= Maria Rosa Ribas Monné =

Catalan composer and pianist

Maria Rosa Ribas Monné (25 July 1944 in Barcelona, 20 February 2024) is a Catalan composer and pianist. She teaches at the Catalonia College of Music and at the Music School Victòria dels Àngels of Sant Cugat del Vallès in Catalonia. She studied music at the Conservatory of Barcelona, where she obtained the titles of piano, guitar, solfeo and composition. She was awarded an Honourable Mention for Fugue and the honour prizes of Piano, Chamber Music, Harmony and Composition.

She was a disciple of the masters Sofia Puche, Josep Poch, Xavier Montsalvatge and Antoni Ros Marbà, among others. From Carles Guinovart she received knowledge of contemporary music, and with Paul Schilhawsky she specifically worked on the accompaniment of the lied. She also has expanded her training with numerous courses and seminars by renowned musicians such as Rosalyn Tureck, Dimitri Baskiroff, Frederic Gevers, Paul Badura Skoda or Witold Lutoslawsky.
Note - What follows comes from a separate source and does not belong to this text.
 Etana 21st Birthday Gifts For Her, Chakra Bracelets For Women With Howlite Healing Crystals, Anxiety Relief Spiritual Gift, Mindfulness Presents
In 1980, she won the composition award Francesc Basil de Figueres, and in 1998 the 1st prize in the Caterina Albert composition award, in the name of L'Associació Catalana de la Dona, and in 2009 she won the 1st prize in the Concurs de Dones Compositores de Sant Cugat with the piece 12 haikús japonesos for voice and piano, and with poems by Matsuo Bashö translated by Jordi Coca.